Yeah, I find that thinking in "time budget per packet" helps a lot! For
completeness, the 67.2 ns comes from 10 Gbps / 84 bytes (that's 64-byte
packets + 20 bytes of preamble and inter-packet gap), which is 14.8
Mpps, or 67.2 ns/pkt.

> Alright, sorry for the noise here. I'll check back in if I ever manage
> to eliminate that performance gap.

One approach that we use generally for XDP (and which may or may not
help for this case) is that we try to amortise as much fixed cost as we
can over a batch of packets. Because XDP processing always happens in
the NAPI receive poll loop, we have a natural batching mechanism, and we
know that for that whole loop we'll keep running on the same CPU.

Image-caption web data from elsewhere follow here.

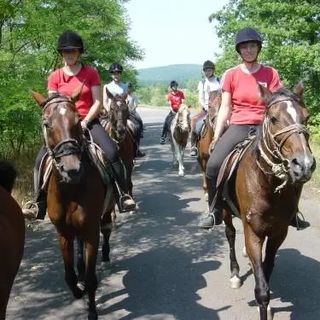 Capári Lovasiskola Sümeg (3)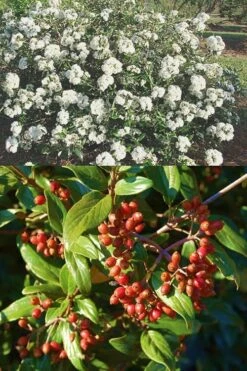 Pearlific Fragrant Snowball Viburnum Bush - 3 Gallon Pot -Garden Supplies Sales 2024 Viburnum Pearlific 2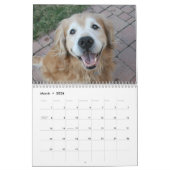 Augie und Ti's Golden Retriever Hund 2016 Kalender (Mär 2026)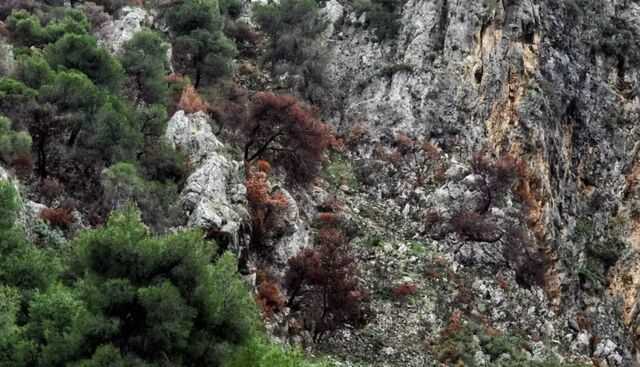 &Alpha;&nu;&theta;&rho;ώ&pi;&iota;&nu;&omicron;&sigmaf; &sigma;&kappa;&epsilon;&lambda;&epsilon;&tau;ό&sigmaf; &pi;&omicron;&upsilon; &alpha;&nu;ή&kappa;&epsilon;&iota; &sigma;&epsilon; &mu;ί&alpha; &alpha;&pi;ό &tau;&iota;&sigmaf; &delta;ύ&omicron; &epsilon;&xi;&alpha;&phi;&alpha;&nu;&iota;&sigma;&mu;έ&nu;&epsilon;&sigmaf; &Gamma;&alpha;&lambda;&lambda;ί&delta;&epsilon;&sigmaf; &tau;&omicron;&upsilon;&rho;ί&sigma;&tau;&rho;&iota;&epsilon;&sigmaf; &epsilon;&nu;&tau;&omicron;&pi;ί&sigma;&tau;&eta;&kappa;&epsilon; &sigma;&tau;&eta; &Sigma;ί&kappa;&iota;&nu;&omicron;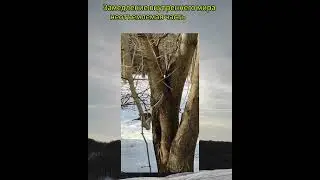 Весна уже за окном!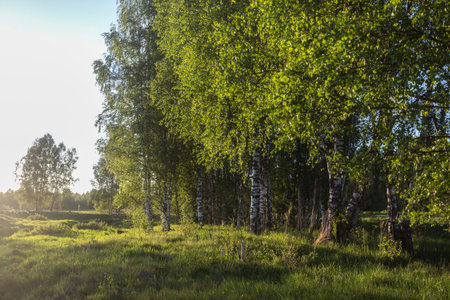 Sunset or sunrise in a birch grove with young green leaves on a summer evening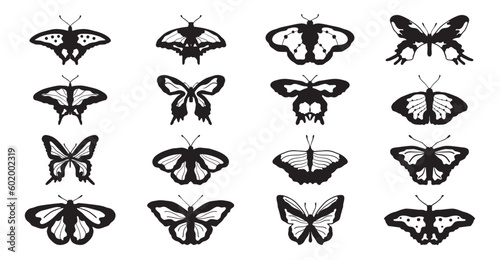 Drawing butterflies. Stencil butterfly, moth wings and flying insects. Butterflies tattoo sketch, fly insect black hand drawn engraving. Isolated vector illustration icons set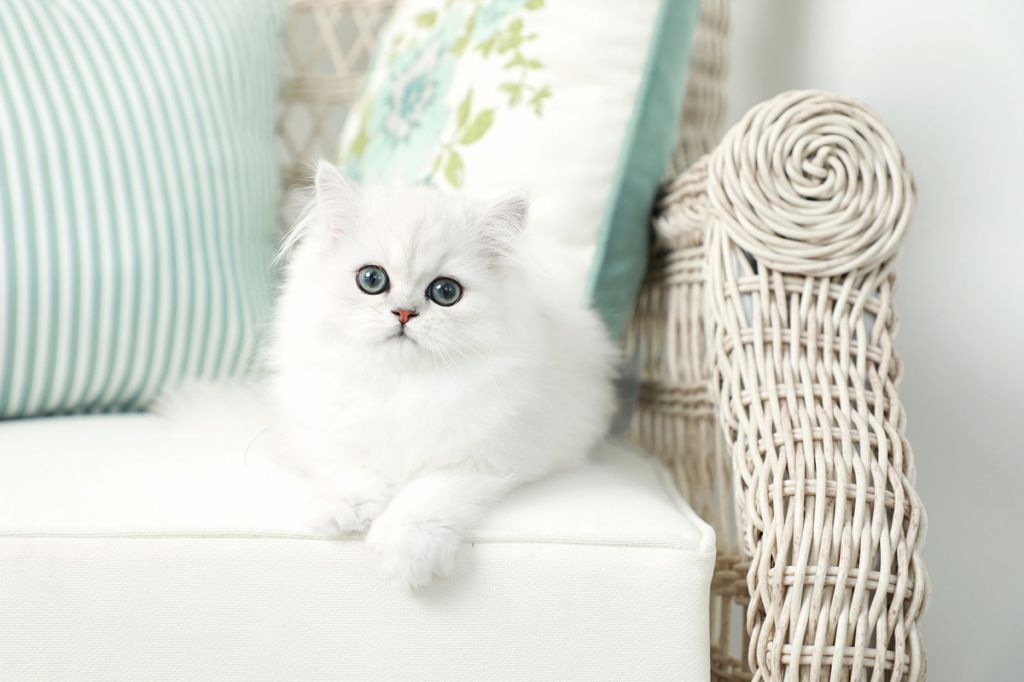 Белый персидский котёнок фото.jpg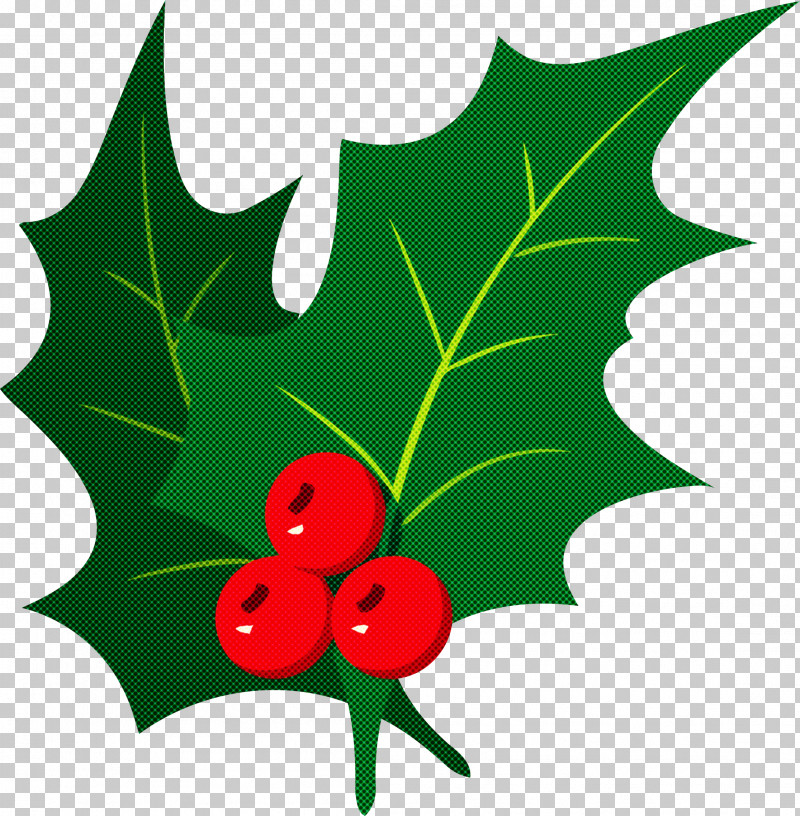 Christmas Ornament Merry Christmas Christmas Decoration PNG, Clipart, American Holly, Christmas Decoration, Christmas Ornament, Currant, Flower Free PNG Download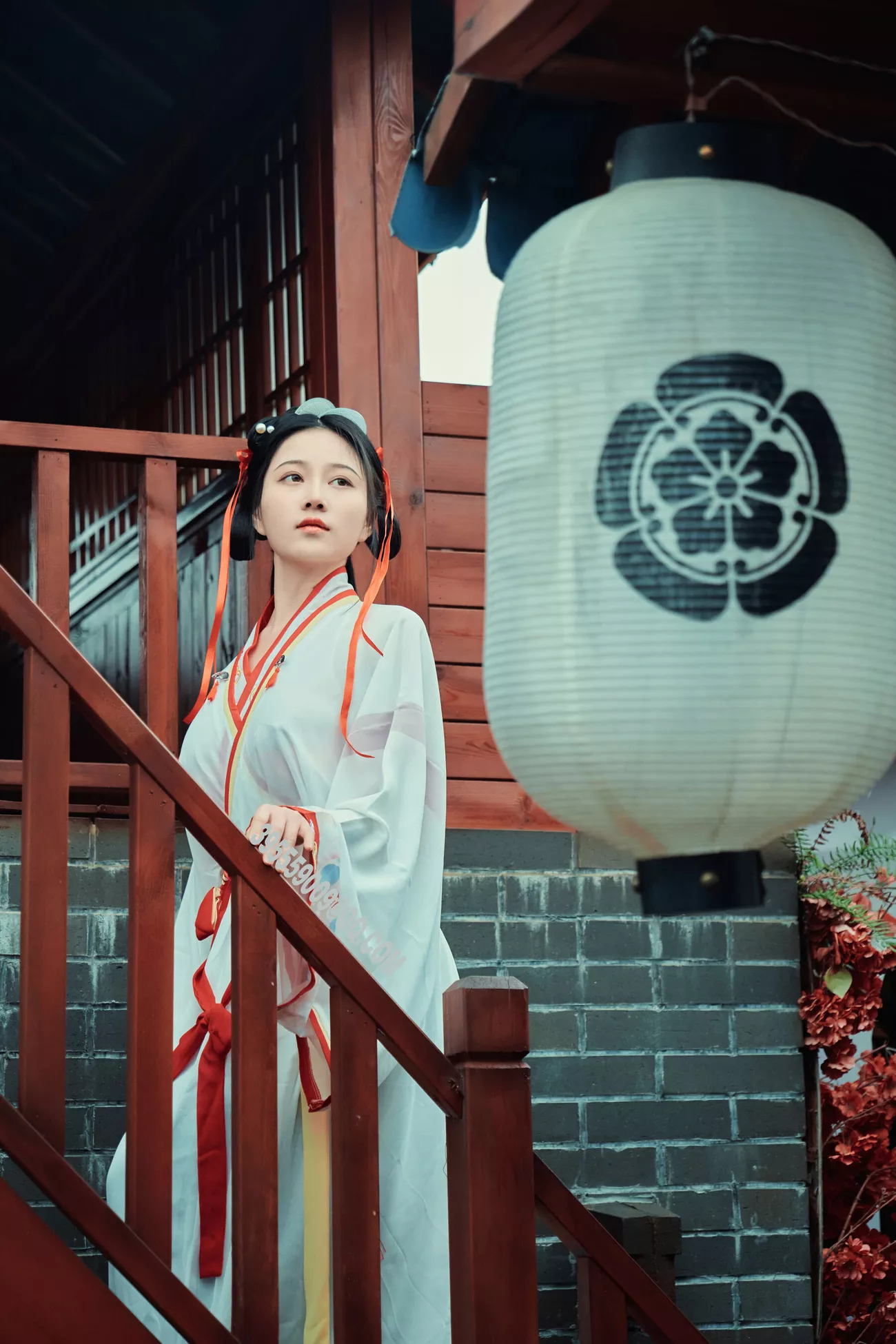年年 优质图相组图 《如梦令》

So for instance, if there's a large fixed component of the overhead of
get_random_u32(), we could have bpf_user_rnd_u32() populate a larger
per-CPU buffer and then just emit u32 chunks of that as long as we're
still in the same NAPI loop as the first call. Or something to that
effect. Not sure if this makes sense for this use case, but figured I'd
throw the idea out there :)

-Toke
Jason A. Donenfeld Dec. 6, 2022, 1:30 p.m. UTC | #6
Hi Toke,

On Tue, Dec 6, 2022 at 2:26 PM Toke Høiland-Jørgensen <toke@kernel.org> wrote:
> So for instance, if there's a large fixed component of the overhead of
> get_random_u32(), we could have bpf_user_rnd_u32() populate a larger
> per-CPU buffer and then just emit u32 chunks of that as long as we're
> still in the same NAPI loop as the first call. Or something to that
> effect. Not sure if this makes sense for this use case, but figured I'd
> throw the idea out there :)

Actually, this already is how get_random_u32() works! It buffers a
bunch of u32s in percpu batches, and doles them out as requested.
However, this API currently works in all contexts, including in
interrupts. So each call results in disabling irqs and reenabling
them. If I bifurcated batches into irq batches and non-irq batches, so
that we only needed to disable preemption for the non-irq batches,
that'd probably improve things quite a bit, since then the overhead
really would reduce to just a memcpy for the majority of calls. But I
don't know if adding that duplication of all code paths is really
worth the huge hassle.

Jason
Toke Høiland-Jørgensen Dec. 6, 2022, 1:53 p.m. UTC | #7
"Jason A. Donenfeld" <Jason@zx2c4.com> writes:

> Hi Toke,
>
> On Tue, Dec 6, 2022 at 2:26 PM Toke Høiland-Jørgensen <toke@kernel.org> wrote:
>> So for instance, if there's a large fixed component of the overhead of
>> get_random_u32(), we could have bpf_user_rnd_u32() populate a larger
>> per-CPU buffer and then just emit u32 chunks of that as long as we're
>> still in the same NAPI loop as the first call. Or something to that
>> effect. Not sure if this makes sense for this use case, but figured I'd
>> throw the idea out there :)
>
> Actually, this already is how get_random_u32() works! It buffers a
> bunch of u32s in percpu batches, and doles them out as requested.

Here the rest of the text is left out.